=== What you should do ===
Every line from the top of the records through the line containing "Steel Stainless Dear" should be retyped exactly; the pictures should not.

--- Supplied material Enclosed Below ---

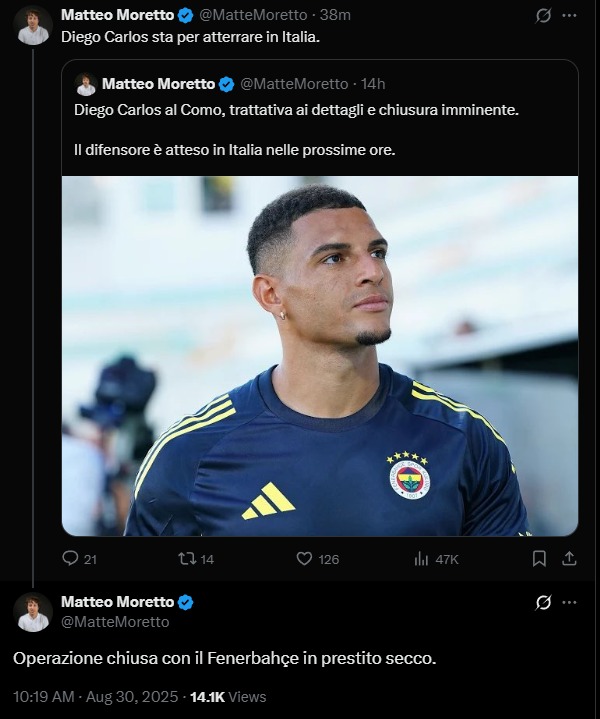 FENERBAHÇE HABERİ: Diego Carlos transferinde flaş gelişme!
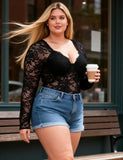 Sexy Lace Deep V Neck Long Sleeves Open Crotch Bodysuit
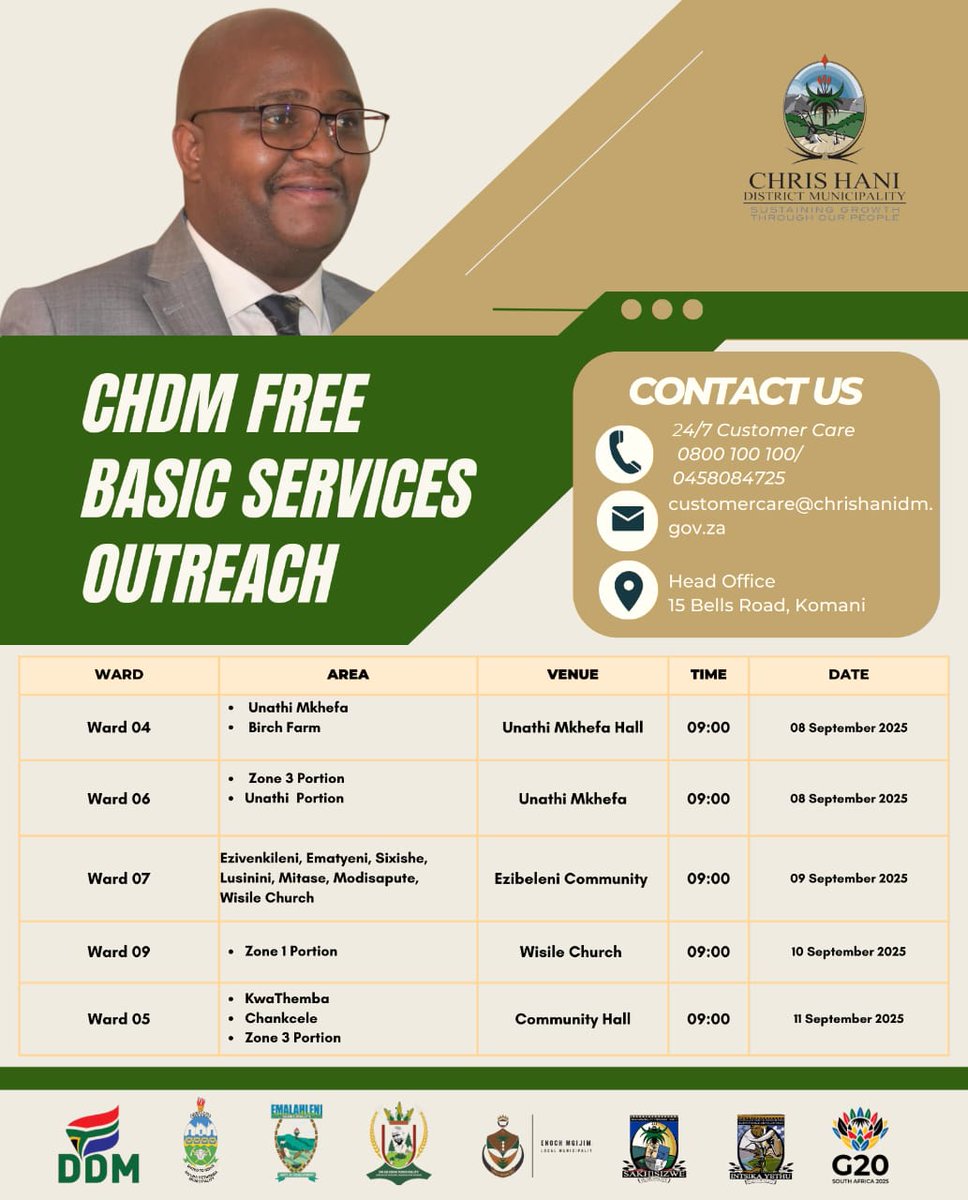 Umasipala wesithili i-Chris Hani DM ebambisene ne-Enoch Mgijima Local Municipality no SASSA kunye noSAPS, bayaqhuba kwiphulo lokubhalisa abantu abalungele ukuxhamla kwinkonzo yafele-fele kamasipala ukanti nabo bakulungeleyo ukufumana isaphulelo.

#CHDMAtWork
#IndigentRegistration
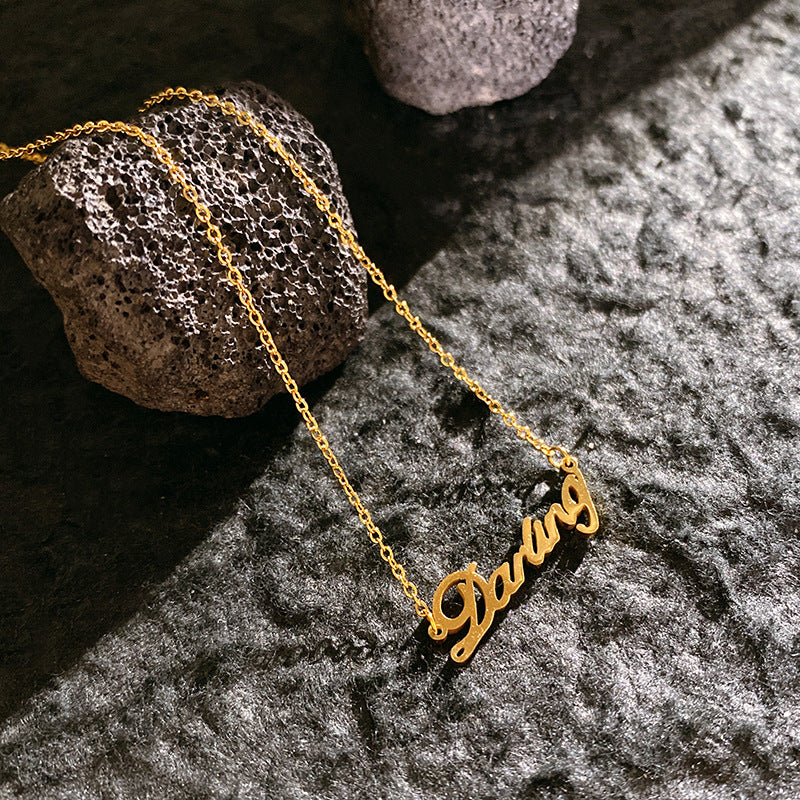 Steel Stainless Dear English Letter Personality Necklaces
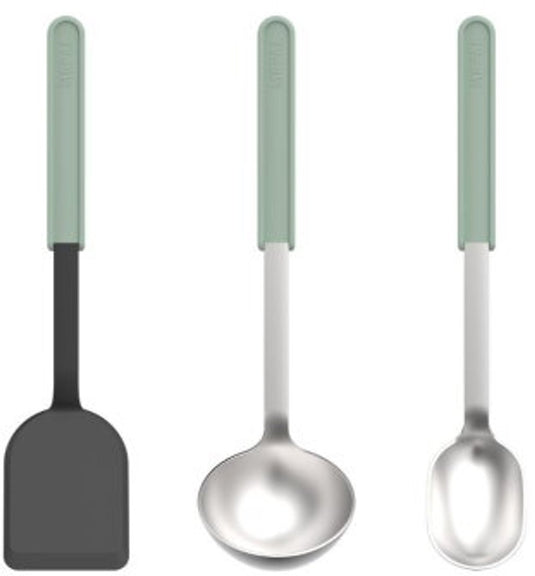 Mepal kookset 3-delig (spatel + roerlepel + opscheplepel) chef it - kookgerei met antiaanbaklaag - hittebestendig - vaatwasmachinebestendig - keukengerei - nordic sage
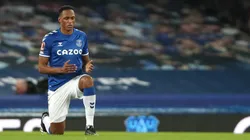Yerry Mina, defensor colombiano del Everton en Inglaterra.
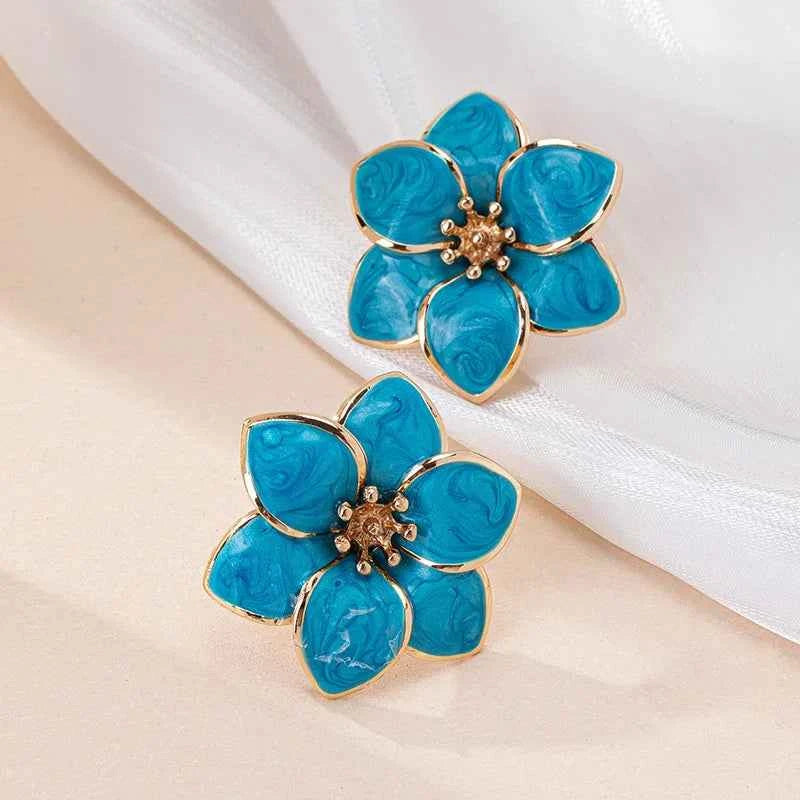 Simple Oil Drop Flower Earrings For Women Girls Geometric Ear Accessories Fashion Jewelry Holiday Party Gift OL E572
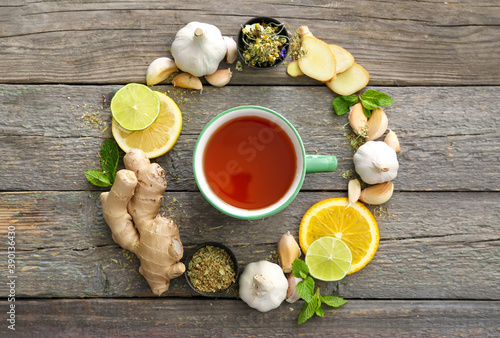 Cup of healthy garlic tea on table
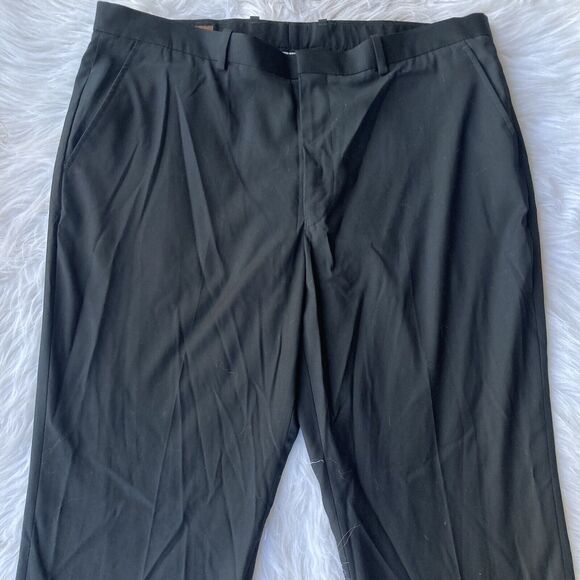 Perry Ellis City Fit Dress Pants Sz 38/30 Poly Rayon Straight Black Career Work - Picture 2 of 11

--- End of Enclosed Supplied material ---

=== Response to the task ===
 FENERBAHÇE HABERİ: Diego Carlos transferinde flaş gelişme!
 Sexy Lace Deep V Neck Long Sleeves Open Crotch Bodysuit
 Umasipala wesithili i-Chris Hani DM ebambisene ne-Enoch Mgijima Local Municipality no SASSA kunye noSAPS, bayaqhuba kwiphulo lokubhalisa abantu abalungele ukuxhamla kwinkonzo yafele-fele kamasipala ukanti nabo bakulungeleyo ukufumana isaphulelo.

#CHDMAtWork
#IndigentRegistration
 Steel Stainless Dear English Letter Personality Necklaces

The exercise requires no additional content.